John Calvin, Roger Williams, and the Pledge of Allegiance
By Charles Kiker, American Baptist Minister (ret.), Tulia, TX.
As we once again draw near to the celebration of July 4th, I am reminded of three spiritual/intellectual encounters I had last year: with John Calvin, Roger Williams, and the Pledge of Allegiance.
I encountered Calvin in a guest editorial by Frank Bellizzi in the Amarillo Globe News: Happy 500th Birthday, John Calvin. Bellizzi quotes with approval E.G. Leonard’s chapter title “Calvin: The Founder of a Civilization.” To be sure Calvin had a formative influence on Western Civilization, for good and for ill. I would hardly credit him as the founder of a civilization.
Bellizzi acknowledges criticism of Calvin’s role in the execution of heretics. He is apparently referring to the execution of Michael Servetus by burning at the stake, with Calvin’s tacit approval. Bellizzi defends Calvin on the basis that execution of heretics was common practice among religious leaders of his day. So it was. The early Luther encouraged cordial relations with the Jews, in the hopes of converting them. When conversion failed he turned on them with a viciousness that foreshadowed the holocaust.
So Calvin only participated in the spirit of his age. I’m willing to cut him a little slack for that. But I’m not willing to sweep those horrors under the rug and make Calvin a spiritual icon. Religious leaders should rise above the spirit of their age. The Apostle Paul admonishes us, “Do not be conformed to this age, but be transformed by the renewing of your minds, so that you may discern what is the will of God…what is good and acceptable and perfect” (Rom 12:2, NRSV).
Let’s skip forward almost a century to Roger Williams (1603-1683). I have long been an admirer of Roger Williams. I met him anew by means of a guest editorial in the New York Times for Sunday, July 5, 2009: A Plantation to be Proud Of, by Sara Vowell. Ms. Vowell wanted to guard Rhode Island’s official name, “State of Rhode Island and Providence Plantations,” from any move to change the name simply to “State of Rhode Island.”
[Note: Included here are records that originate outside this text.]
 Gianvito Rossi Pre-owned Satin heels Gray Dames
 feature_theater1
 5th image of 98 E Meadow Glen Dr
She could hardly write about Rhode Island without including Roger Williams. Williams started out in the Church of England, became a Puritan, and fled to Massachusetts to avoid persecution. But on these shores he found religious intolerance which he could not tolerate. He insisted that civil government could not dictate to spiritual conscience, and for his conscience was banished from Massachusetts. He came to what is now Rhode Island and purchased land from the Native Americans. He dealt fairly with Native Americans, learned their language, and treated them as real people. He built a home, which he called Providence. He founded the First Baptist Church in America in Providence, Rhode Island. Williams did not long remain a Baptist. “God is too large to be housed under one roof,” he is reported to have said. Williams remained on friendly terms with Baptists, but became simply a seeker, always seeking but never finding the City of God on earth.
Ms. Vowell incomprehensibly calls Williams, a stalwart for freedom of conscience, a “man with the narrowest of minds.” Perhaps she means that he was extremely narrow minded in his focus on freedom of conscience. Moderation in the pursuit of religious liberty was no virtue for Roger Williams.
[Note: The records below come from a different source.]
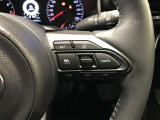 【ステアリングスイッチ】運転中に視線を前に向けたまま画面の操作できます。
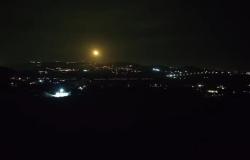 الجيش الإسرائيلي: رصدنا إطلاق صاروخين من لبنان صوب شمال إسرائيل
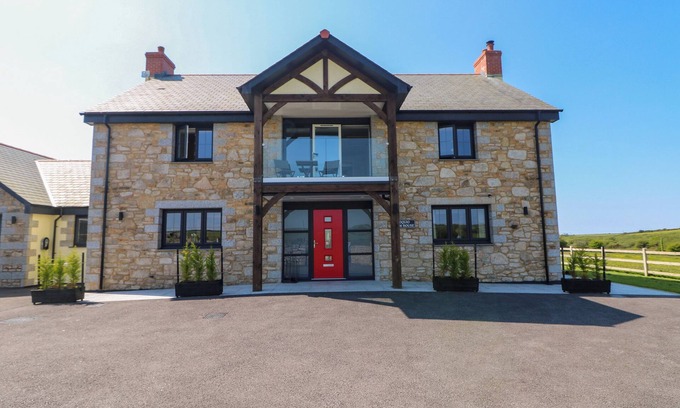 Mabe Cottage | BOQUIO FARMHOUSE, pet friendly, luxury holiday cottage in Helston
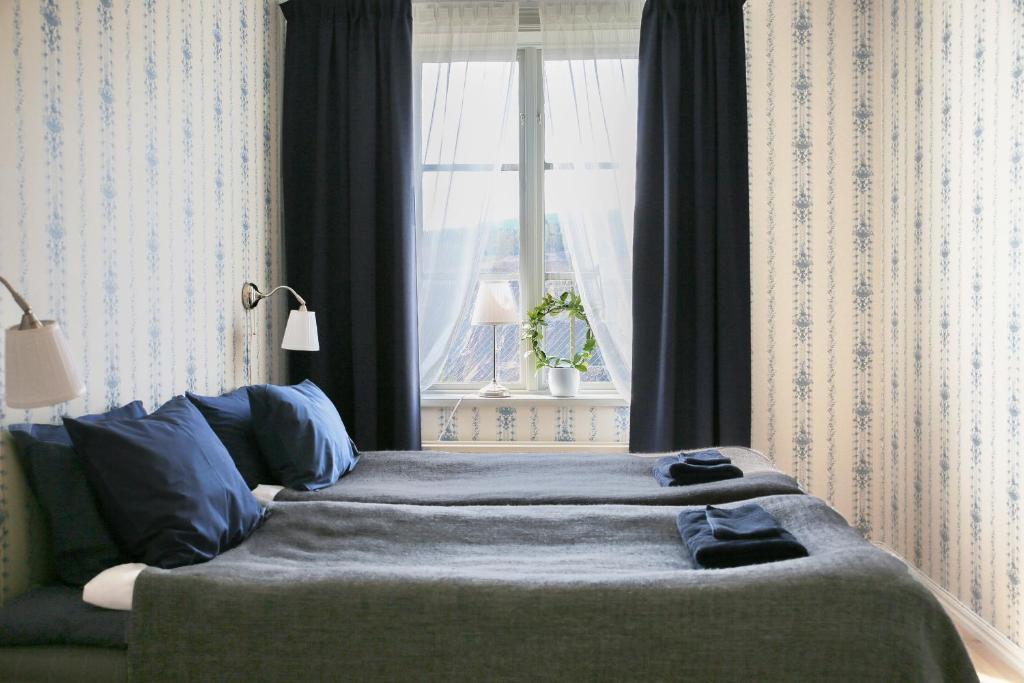 法伦Polhem Bed & Breakfast的卧室内的一张床铺,带窗户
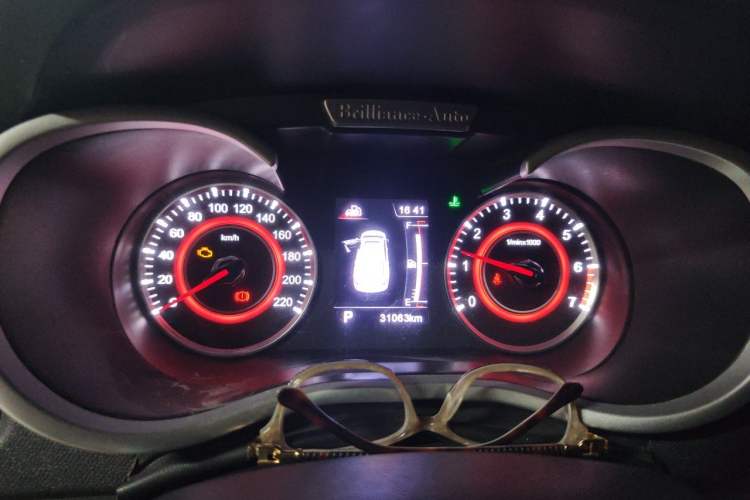 Used Brilliance H3 2017 1.5L Automatic Luxury Model Instrument Cluster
John Calvin was extravagantly called the founder of a civilization. It is no exaggeration to call Roger Williams the father of Religious Liberty in America. John Calvin participated wholeheartedly in the spirit of his age. In numerous ways Roger Williams rose above that same spirit.
Just before reading the articles concerning Calvin and Williams, I received one of those much forwarded e-mails urging its recipients to continue the chain. This one had to do with the Pledge of Allegiance. I was urged to enlarge the chain and resist removal of the phrase “under God” from the pledge. I instinctively resist forwarding these kinds of messages, especially when my compliance or lack thereof is used as a yardstick to measure my spiritual standing. My instinct in this particular case was that the message is motivated more by politics than by religion. And that saying “under God” does not make it so.
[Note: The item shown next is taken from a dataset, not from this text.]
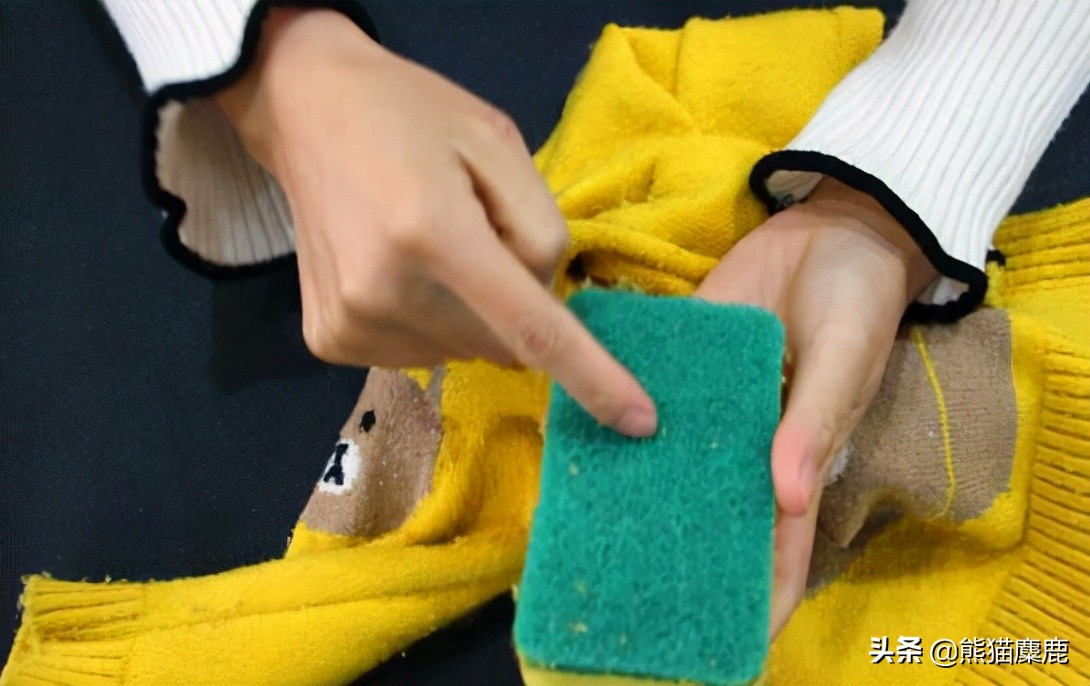 宠物毛上有东西怎么去除,家里宠物毛发清扫窍门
Our pledge was written by a Christian socialist in 1892, without the “under God” phrase. Congress officially added the phrase in 1954, at the height of the McCarthy communist witch hunts. The phrase was deemed constitutional by the Supreme Court in 2004, so there is no real threat of its removal. But pledging allegiance to any earthly power gives me pause. As a Christian, my final allegiance cannot be to any of the kingdoms of this world.
So we’re back to John Calvin, Roger Williams, and the Pledge of Allegiance. Calvin was quick to align himself with civic powers. Roger Williams used the “wall of separation” phrase more than a century before Thomas Jefferson. If John Calvin were a twentieth century American, I think he would wholeheartedly pledge his allegiance with or without the phrase, “under God.” Roger Williams, on the other hand, would be very suspicious of that kind of pledge.
I’ll take my stand more with Williams than with Calvin.